◆ Exercise aim ◆
Lines from the one containing "Innovative Percussion DF-30L" through the last line of the data are to be returned exactly, both ends included, minus any pictures.

Captioned web images
*** Begin section ***

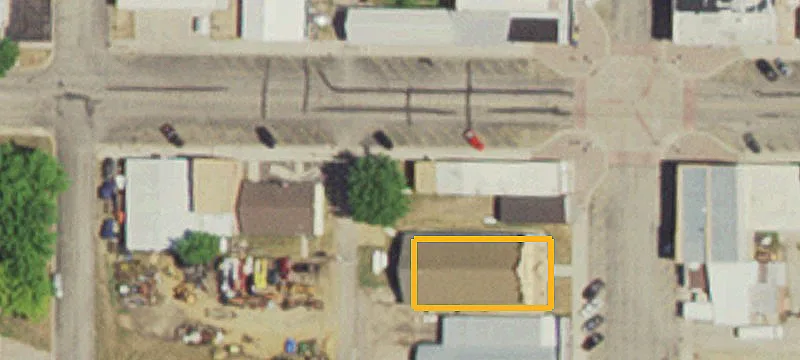 103 Benton St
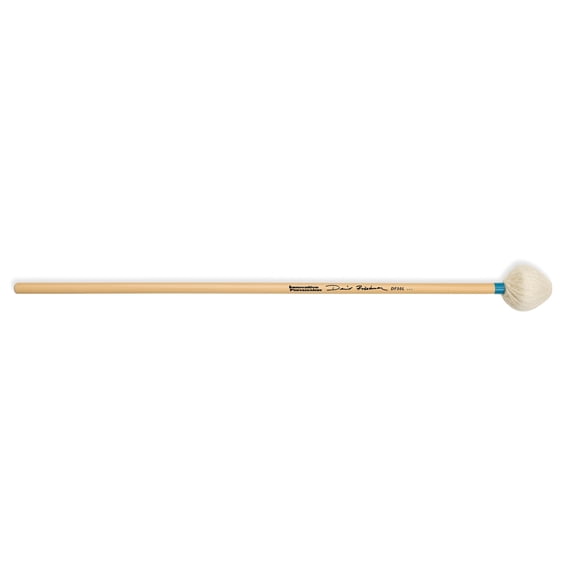 Innovative Percussion DF-30L David Friedman Light Vibraphone Mallets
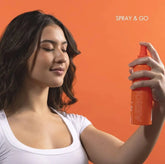 Aeromist Hypochlorous Acid Spray Frezze_Luxe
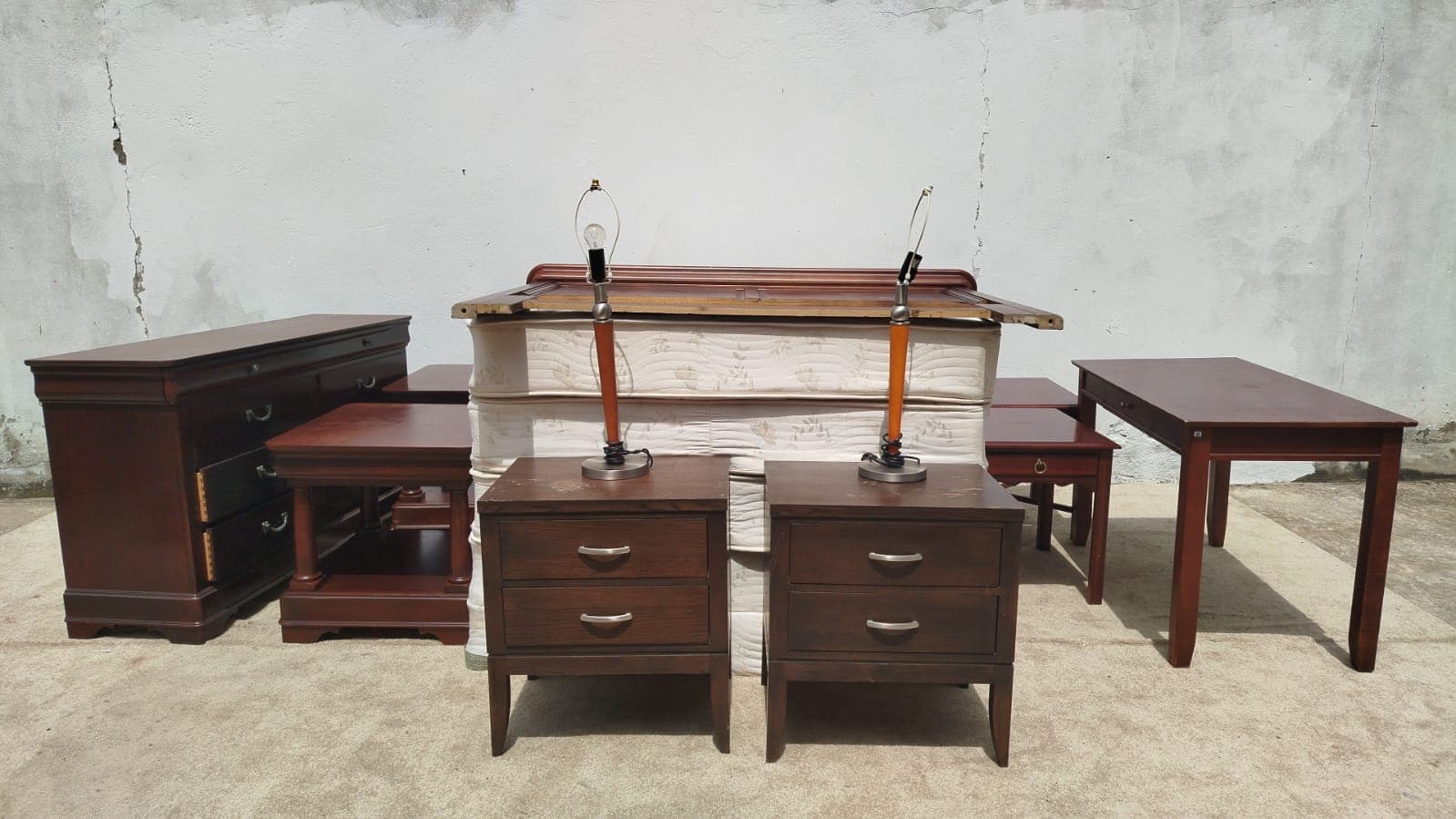 Mobiliario de vivienda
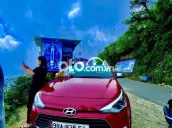 Hyundai i20 2016 Active 1.4 AT - 88000 km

*** End section ***

◆ Written solution ◆
 Innovative Percussion DF-30L David Friedman Light Vibraphone Mallets
 Aeromist Hypochlorous Acid Spray Frezze_Luxe
 Mobiliario de vivienda
 Hyundai i20 2016 Active 1.4 AT - 88000 km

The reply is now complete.